Chronic 'Unique Visitor' Pain Plagues IndustryHistorically, web analytics tools have used the terminology of “unique visitors” as a name for a metric that is essentially akin to “unique cookies.” However, people who are not versed in the intricacies of web analytics and the underlying counting rules naturally assume that the metric describes unique people. Digital measurement professionals know the difference between cookies and people and understand the basis for the web analytics unique visitor calculation. However, brand managers who buy advertising, media planners, and even other internal executives are often not aware of the difference.
In web analytics, the metric uses the observance of a new cookie to register a “unique visitor,” while in audience measurement the metric is based on actual people. Over the years, our research has consistently illustrated that cookie-based counting methods often show a “unique visitor” count as high as 2.5x that of measures counting people on the SAME set of machines. This is due to effects such as cookie deletion and the use of multiple browsers to access the same site. The difference is magnified when one takes into account the myriad of access devices used nowadays by the same visitor: multiple PCs at home, a different PC at work, not to mention mobile phones, tablets and other connected devices.

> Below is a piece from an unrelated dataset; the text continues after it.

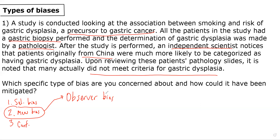This could occur even if patients didn't meet formal criteria, because the pathologist had expectations that these patients should have higher rates of gastric dysplasia. Observer bias is when the researcher has prejudices or expectations and allows them to influence the measurement of exposure or outcome status.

As a result, chronic confusion has prevailed regarding the differences between multiple unique visitor metrics, which are supposed to measure the same site audience. Many in the media industry believe that such confusion undermines advertisers’ confidence in digital measurement and adversely affects their willingness to endorse a medium they perceive as lacking reliable measurement.
It is for this reason that industry organizations such as the IAB and ABCe, both of which have a vital interest in the accuracy, transparency and monetization of digital media, have issued guidelines mandating that metrics based on adjusted unique cookies be called “unique browsers” instead of “unique visitors,” which in their view should be reserved for measurement of unique individuals.

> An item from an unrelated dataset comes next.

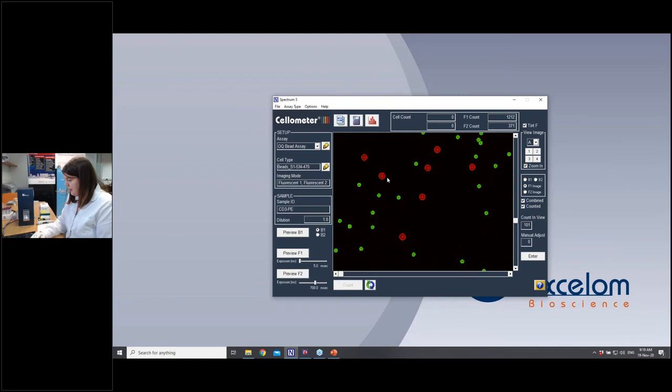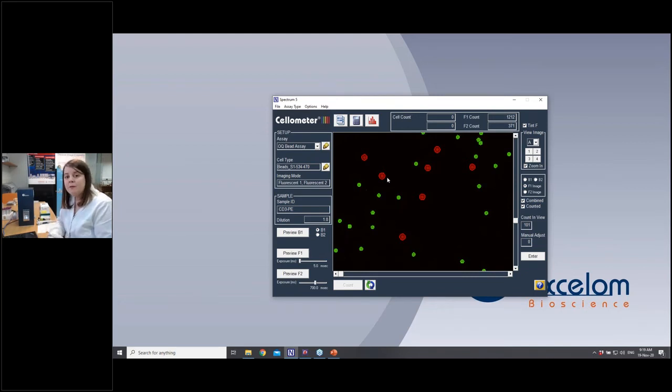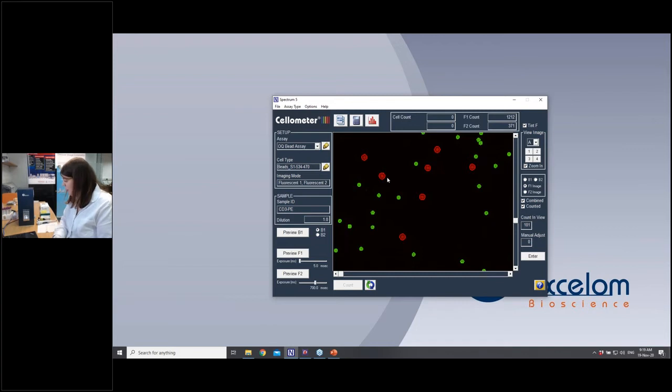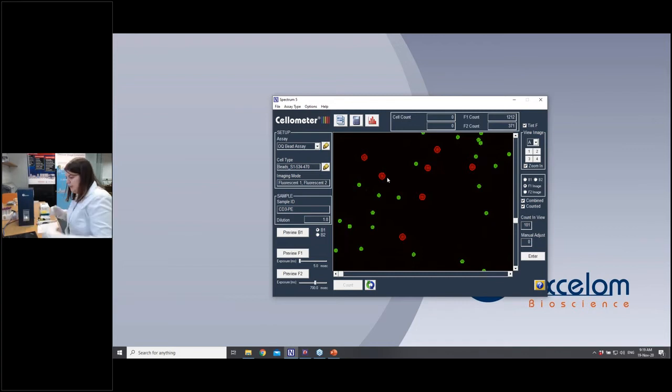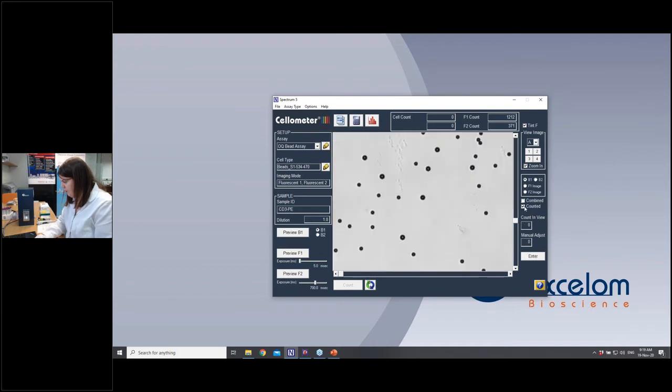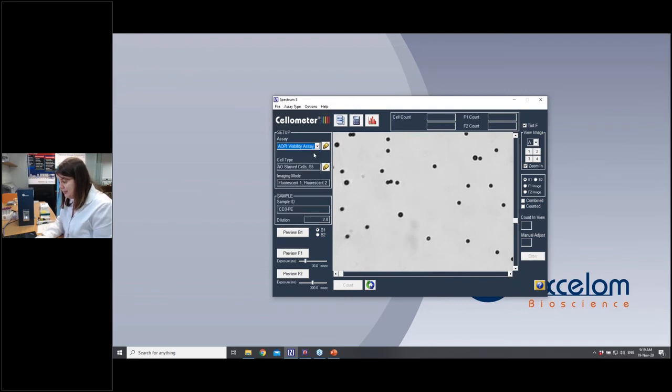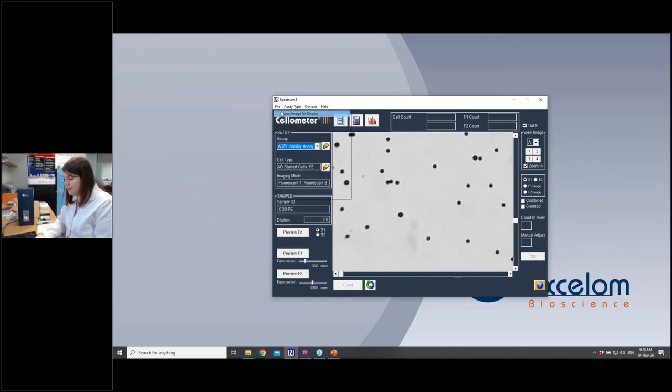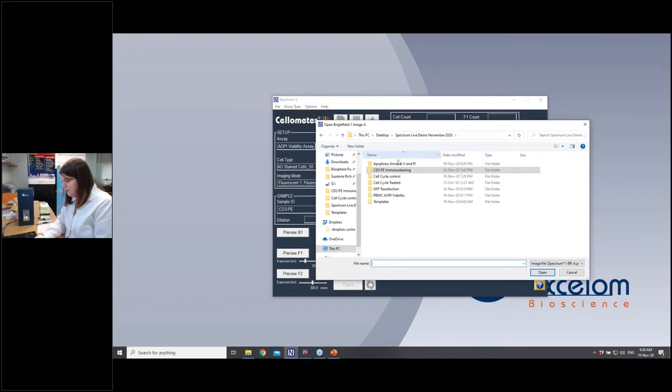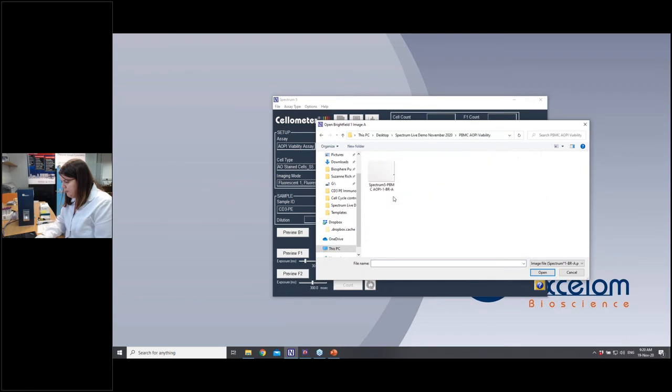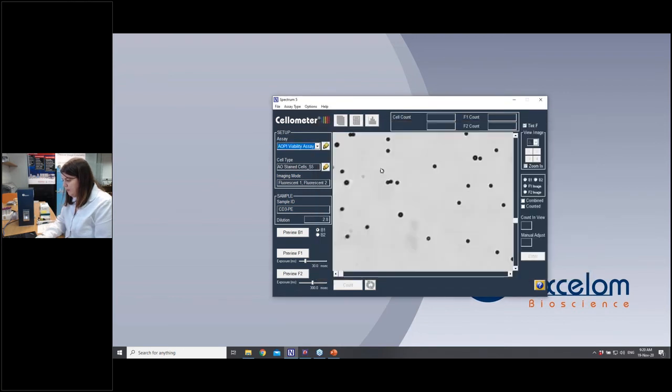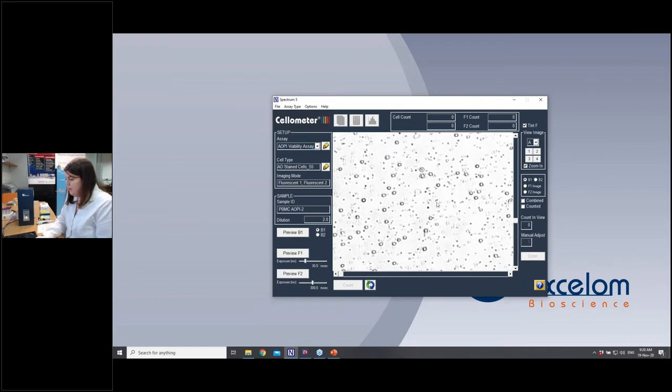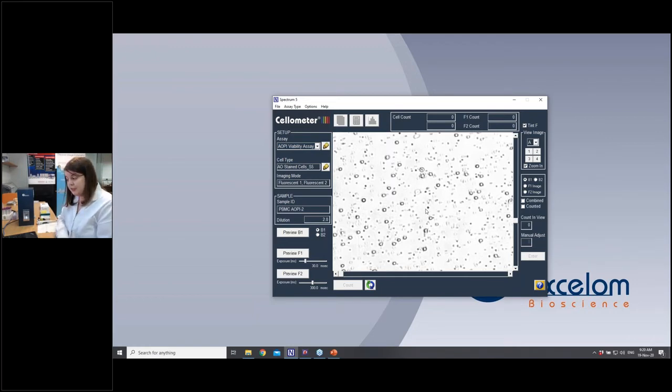Okay, so with that, I wanted to now show you an example of viability, an example of some of the simple cell-based assays we can do as well. I don't have any cells with me today, but I have some previous images that have been taken that I can show you. So I'm just going to remove that slide for now. And we're going to first look at a viability sample. So I'm going to choose my AOPI viability assay and I'm going to load some images. So we have some PBMCs that I will load up.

Leading web analytics expert Eric T. Peterson summed it up by saying, “It is about time that we all agreed that ‘unique visitor’ reports coming from census-based [i.e. web site server] technologies frequently have no basis in reality. Further, we should all admit that cookie deletion, cookie blocking, multiple computers, multiple devices, etc. have enough potential to distort the numbers as to render the resulting numbers useless when used to quantify the number of human beings visiting a site or property.”

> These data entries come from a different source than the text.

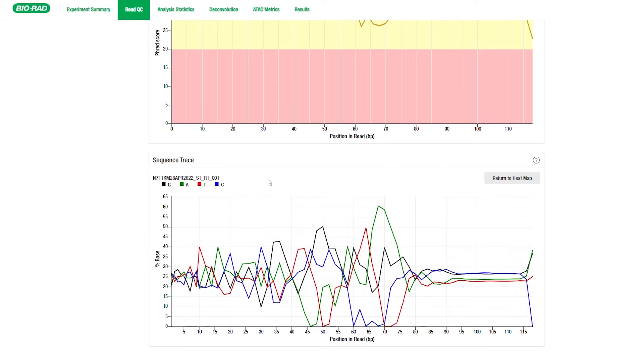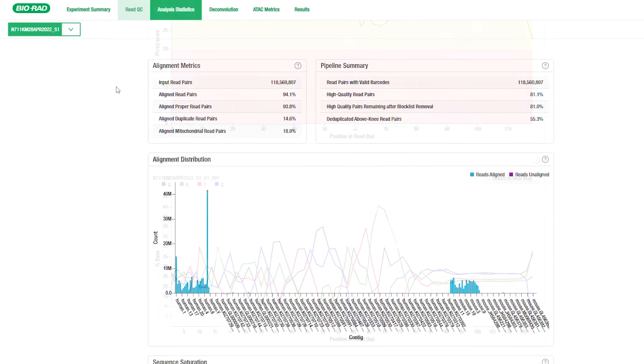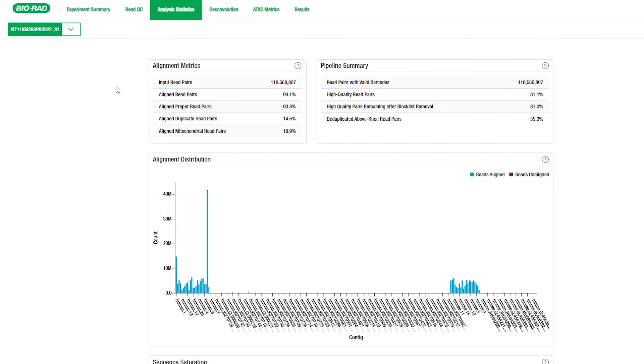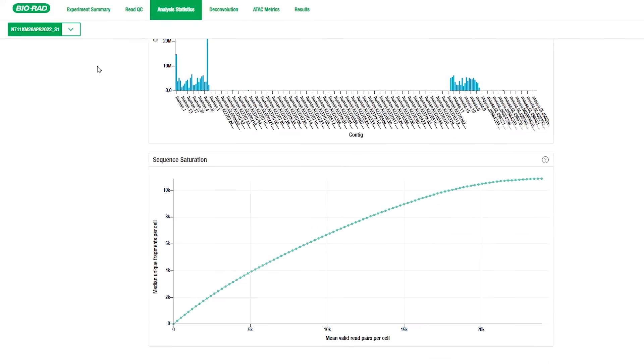The Analysis Statistics tab provides summaries of alignment metrics and READ pair information. Below those tables is the alignment distribution plot illustrating the number of READs that aligned to the different chromosome locations listed in your reference genome. The Sequence Saturation Plot shows the number of unique fragments identified compared to the number of valid READs per cell.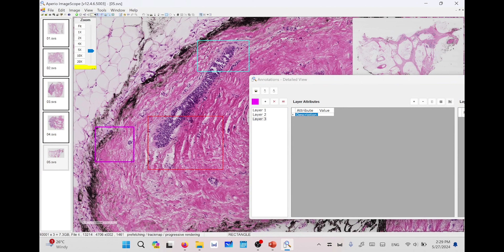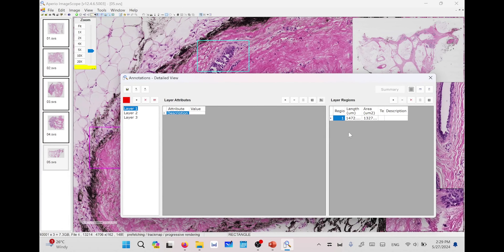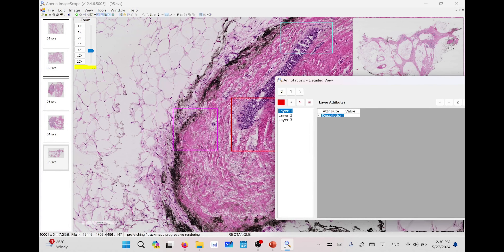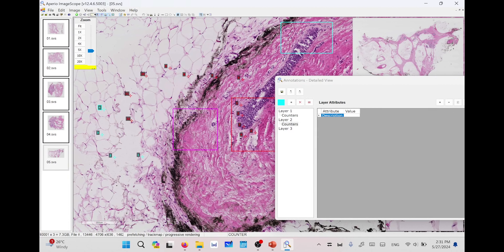For the first layer you will find the region with its length in micrometers and area in micrometers squared. You can type a description such as tumor, benign region, or malignant. You can also write text that can be used as classes or keywords for that region. The same applies to the second and third layers. If you go to the first layer and start counting, all points counted will be related to the highlighted layer, and similarly for the second layer.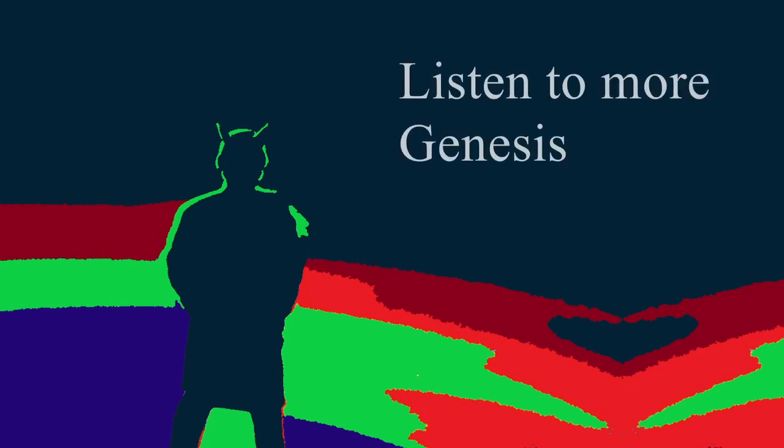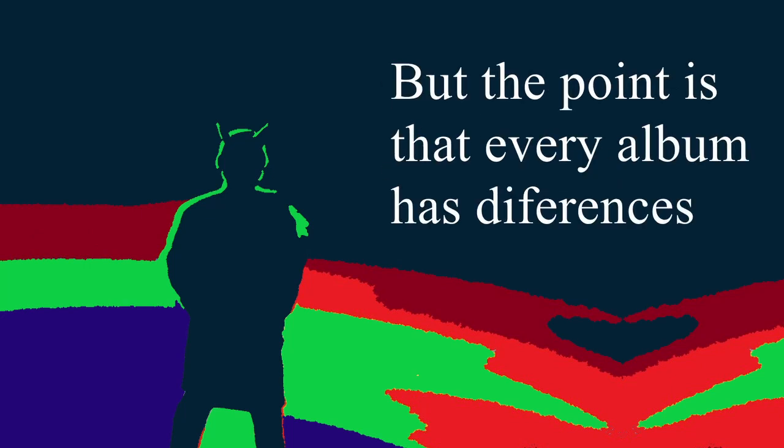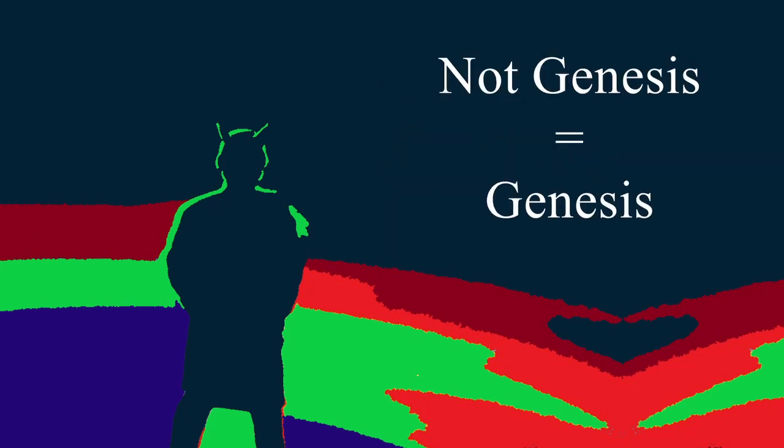What happens when you feel like not listening to Genesis, but something that feels like it, yet heavier or softer? Well, listen to more Genesis. Every album has a distinct feeling that motivates you to keep listening to each one somehow, and even then you know every song.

‘Unique Visitors’ Evolving to ‘Unique Browsers’ in Digital AnalytixWe are pleased to announce that Digital Analytix is the first web analytics platform to comply with the aforementioned guidelines in adopting the “unique browser” nomenclature. In addition to supporting industry initiatives, we believe this change will help digital measurement professionals avoid having to explain to bewildered management the difference between wildly diverging metrics both known as the “unique visitor.”
After soliciting input from numerous industry leaders and organizations throughout the web analytics ecosystem, such as ABCi, ABCe, the IAB, and WAA, voices began to coalesce around a single solution to this semantic debate. By and large, the industry recognized that the name needs to change, and the name with the greatest consensus behind it has been “unique browsers.” So that is what we’re going to be calling this metric in Digital Analytix.
Importantly, this metric will remain consistent with the WAA’s definition and interpretation:
The number of inferred individual people (filtered for spiders and robots), within a designated reporting timeframe, with activity consisting of one or more visits to a site. Each individual is counted only once in the unique visitor measure for the reporting period… The deletion of cookies, whether 1st party or 3rd party, will cause unique visitors to be inflated over the actual number of people visiting a site.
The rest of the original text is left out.